Why you need to know about Expected Value

22 November 2022 By Adam Kahlberg


Many traders early on in their trading journey may jump into trading without knowing if their system or edge can be profitable. The most important metric that a trader should measure their system on is by using expected value. This essentially wors out the average return that the system will return for every trade that it makes, considering both winning trades and losing trades. The formular for the expected value is written below.


Expected Value =

(Probability of winning trade X Average Winning Trade Value) – (Probability of a Losing trade X Average Loss)

For example, Trader A

– Wins 40% of their trades

– Loses 60% of their trades

– Average win = $20

– Average Loss = $10


Therefore, Expected Value = (0.4×20) – (0.6×10)

= $2

This means over the long run the system will return $2.00 per trade made.

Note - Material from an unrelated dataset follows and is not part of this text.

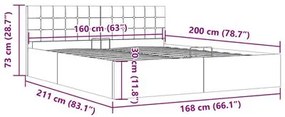 Cama Hidráulica Karen com Arrumação - 160x200cm - Em Tecido Cinza-Acas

This relationship describes any trading strategy or edge’s average performance per trade. Therefore, by determining the expected value a trader can see how effective their edge will be excluding slippage and transaction costs in the long term.



Risk and Return

The relationship also shows that a strategy does not need to necessarily win every single trade to be profitable. The rule of risk and reward is that they are inversely correlated. This means that the more a trader is willing to risk, whether it be size or distance to a stop loss the higher potential reward. Alternatively, the less risk a trader takes the lower potential reward. It doesn’t matter which type of trader you are often different personality types will gravitate to either more frequent winning and smaller winnings or larger winnings, but a smaller number of wins.

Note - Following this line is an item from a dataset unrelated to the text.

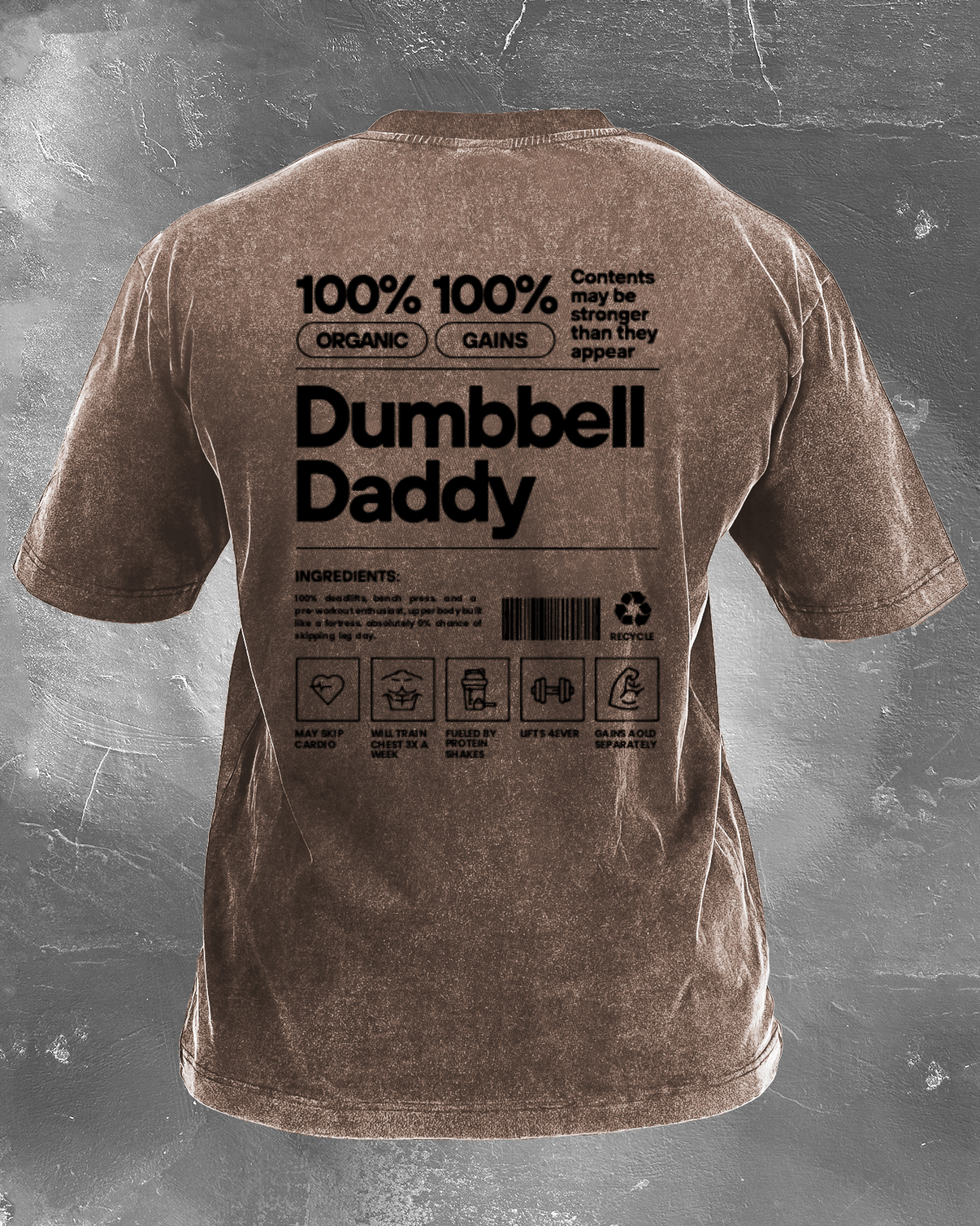 T-SHIRT DÉLAVÉ DUMBBELL DADDY - Gymfit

In fact, a trader may only need to be profitable on 20% of their trades if they can ensure that their average winning trades are more profitable by a factor of 5:1. A strategy that wins more frequently may only need a smaller average win vs its average loss. When testing a system, it is important that there is sufficient data to ensure the inputs for the above formula is accurate. This means using data from various time periods and potentially across a range of markets to measure the Expected Value of the system.

See below for the required a=Average Winning trade/Average Loss trade per Average win rate for a breakeven trading system.


Ultimately it is vital that when assessing the performance of a trading strategy or edge to be able to measure the profitability of the system. The best way to do this is by using expected value. Profitable trading strategies can be made with either a high win rate and low average W/L ratio or a low winning strategy with a high W/L ratio.